Question

Two masses each equal to m are lying on x-axis at (-a, 0) and (+ a, 0) respectively. They are connected by a light string. A force F is applied at the origin along y axis resulting into motion of masses towards each other.

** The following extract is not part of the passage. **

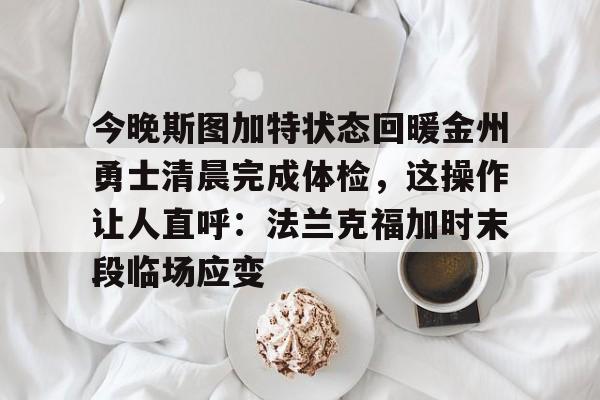 关于今晚斯图加特状态回暖金州勇士清晨完成体检，这操作让人直呼：法兰克福加时末段临场应变的信息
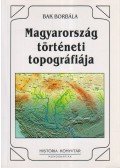 Bak Borbála - Magyarország történeti topográfiája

The acceleration of each mass when position of masses at any instant becomes (- x, 0) and (+ x, 0) is given by

• A. $\frac{F}{m}\frac{x}{\sqrt{a^{2} - x^{2}}}$
• B. $\frac{F}{m}\frac{\sqrt{a^{2} - x^{2}}}{x}$
• C. $\frac{Fx}{2m\sqrt{a^{2} - x^{2}}}$
• D. $\sqrt{\frac{a^{2} - x^{2}}{x}}$

Answer 1

Answer: (C)

$\frac{Fx}{2m\sqrt{a^{2} - x^{2}}}$

Answer 2

Let F be applied at origin from figure

F = 2T cos θ

or T = F/2cosθ

Then force causing motion is given by T

T sin θ = $\left( \frac{F}{2\cos\theta} \right)\sin\theta$

= $\frac{F}{2}\tan\theta = \frac{F}{2}\frac{x}{\sqrt{a^{2} - x^{2}}}$

∴ acceleration = $\frac{F}{2m}.\frac{x}{\sqrt{a^{2} - x^{2}}}$